Washminster

Washminster
Washminster

Sunday, 17 August 2008

John Milton

This morning we visited the cottage in which John Milton lived while the Plague raged in London (1665-6) - and where he wrote his most famous book "Paradise Lost". If you have the opportunity, do visit the cottage. It is also a museum - and the guided tour was both fascinating and stimulating. Details of the cottage, which is in the South Buckinghamshire village of Chalfont St Giles (not far, but out of sight or sound of the M25 Jnt 17), can be found at http://www.miltonscottage.org/index.htm

John Milton - apart from being one of the most important poets in English history - was a democrat and a republican. He argued in 1644 for freedom of the press in his "Areopagiticia", and his political ideas have influenced modern political practice, particularly in the United States. My visit has prompted me to download and start reading some of his political works.
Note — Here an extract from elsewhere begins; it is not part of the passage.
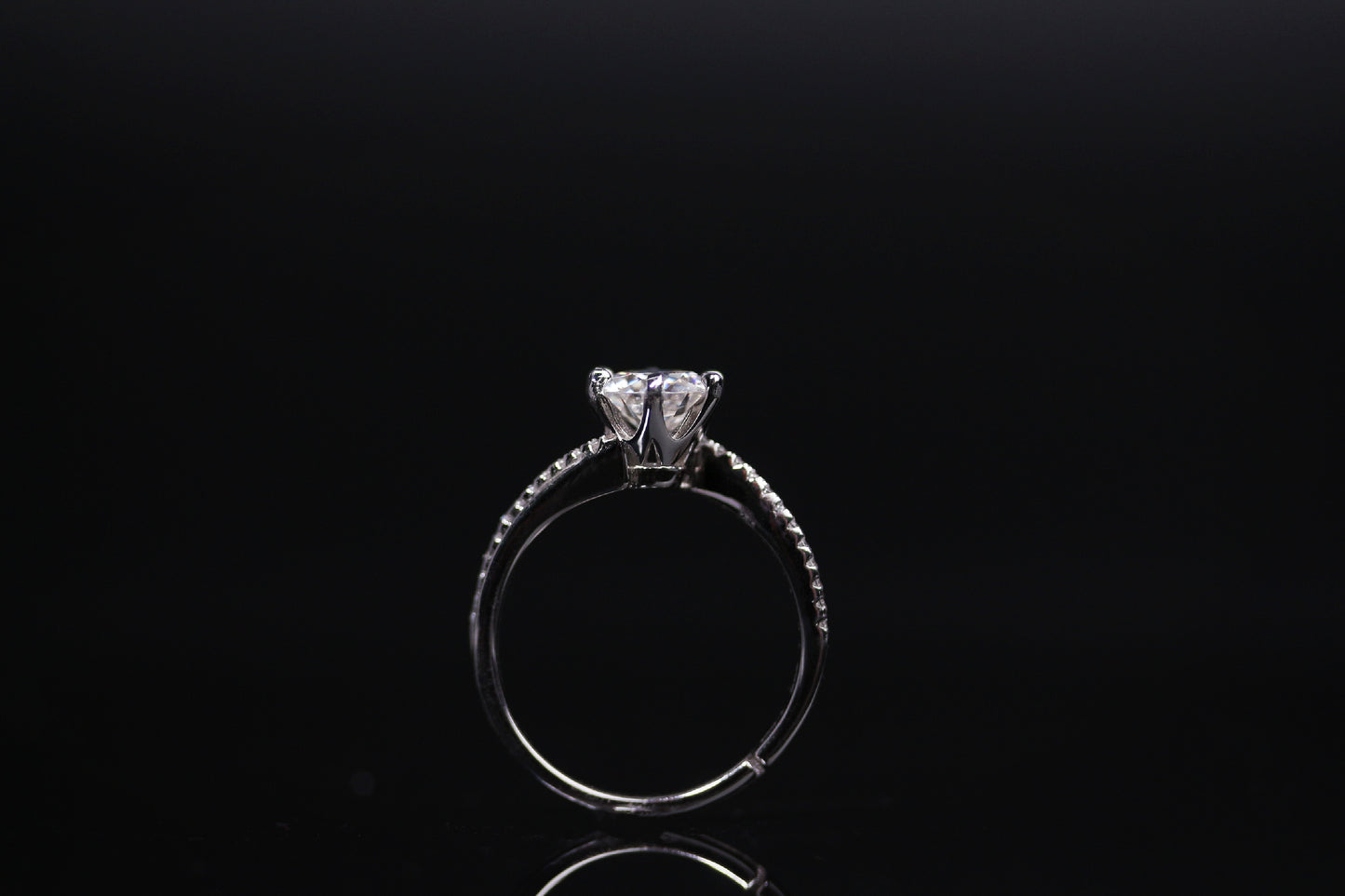 Les Solitaire Ring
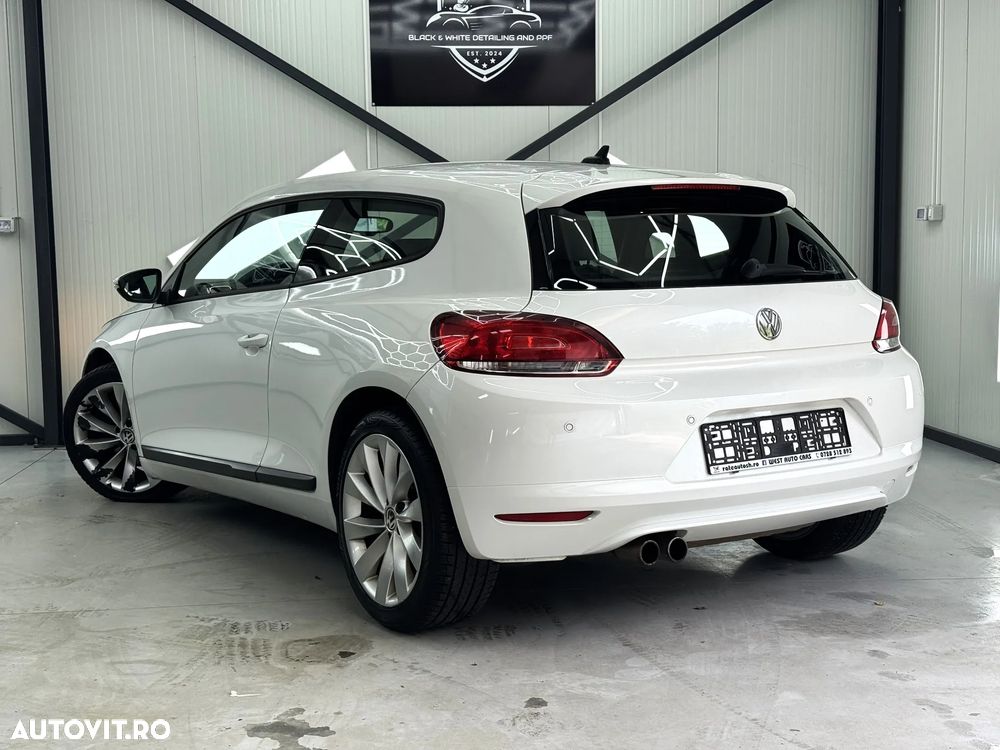 Volkswagen Scirocco 2.0 TDI DSG Life - 8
You can do the same by visiting http://oll.libertyfund.org/readinglists/view/138-the_political_thought_of_john_milton

Some gems from his writings -

"It may be well wonderd that any nation, styling themselves free, can suffer any man to pretend hereditarie right over them as thir lord; whenas by acknowledging that right, they conclude themselves his servants and his vassals, and so renounce thir own freedom."
"The happiness of a nation must needs be firmest and certainest in a full and free Councel of their own electing, where no single person, but reason only sway[e]s."
During the period of the Commonwealth, Milton was a senior civil servant, and pamphleteer for the principles of republican democracy. When the monarchy was restored he was imprisoned and his books burned. I found it a little odd that the visits of recent monarchy (including a visit by Charles and Camilla three weeks ago) were given such prominence in the cottage. Queen Victoria was the first on the subscription list for the establishment of the trust (perhaps she wasn't acquainted with his republican writing!).
We drove on to the nearby (a mile or so away) village of Jordans where William Penn, the founder of Pennsylvania, was buried - and, where a barn stands which was built of timbers bought from Rotherhithe from a ship which had been broken up called the "Mayflower", perhaps the same ship which had been used by the Pilgrim Fathers to take them to America.